# Assigned task
Give again, exactly and only, the lines running from the one with "Фотоаппарат Konica Minolta Dynax 5D" to the end of the material below; leave out pictures.

[Data extract Boundary: Start]

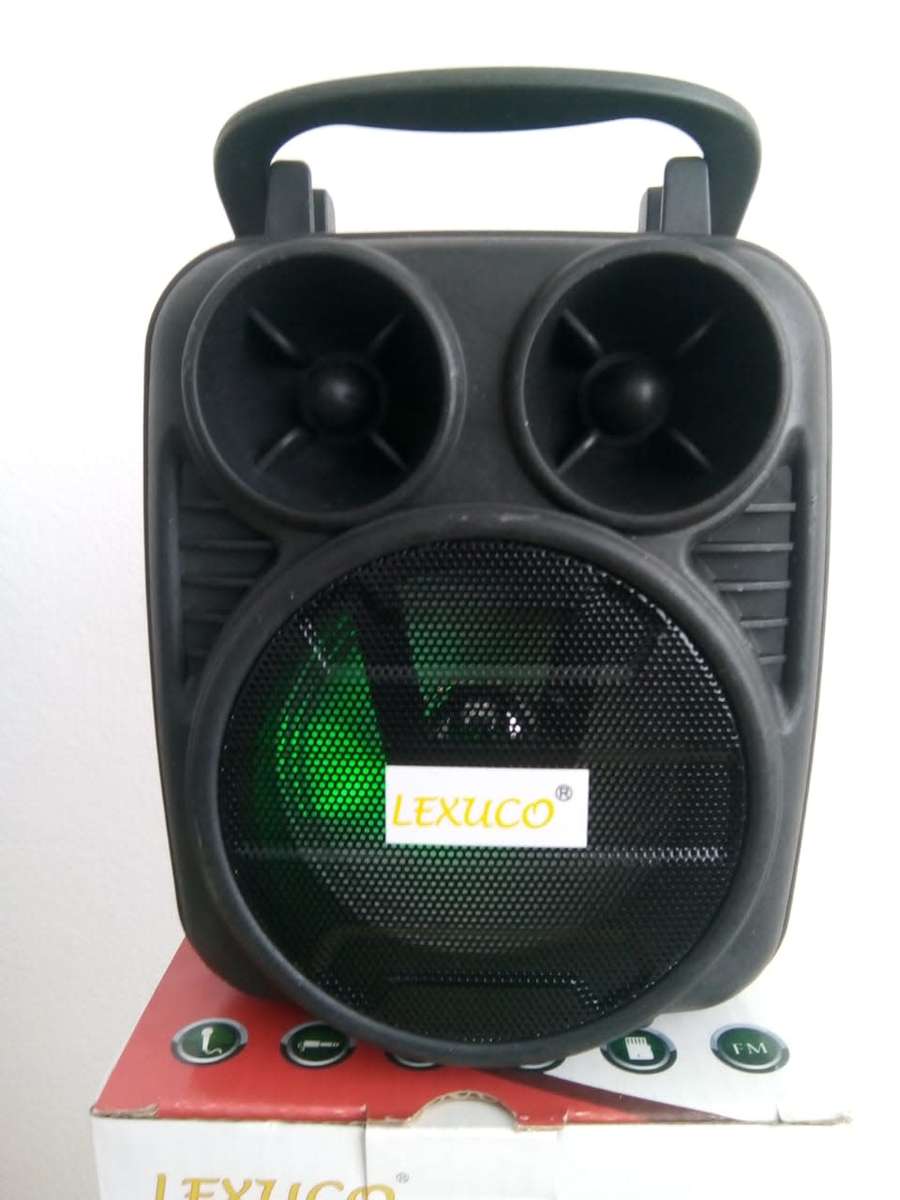 Lexuco Owl Mini-Bluetooth Speaker LSPK-ACU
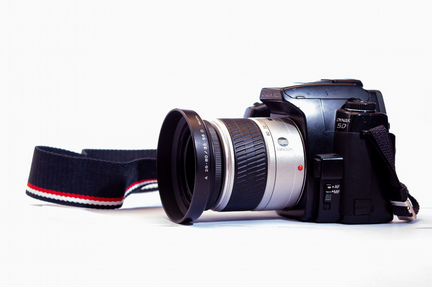 Фотоаппарат Konica Minolta Dynax 5D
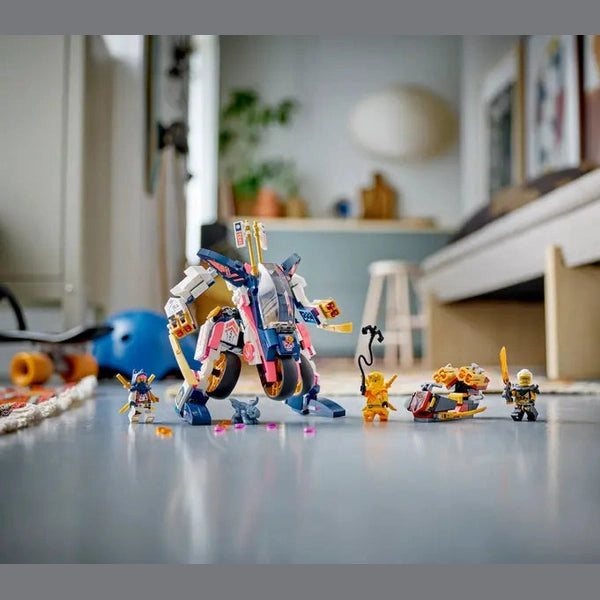 lego Sora's Transforming Mech Bike Racer (71792)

[Data extract Boundary: End]

# Answer to this problem
 Фотоаппарат Konica Minolta Dynax 5D
 lego Sora's Transforming Mech Bike Racer (71792)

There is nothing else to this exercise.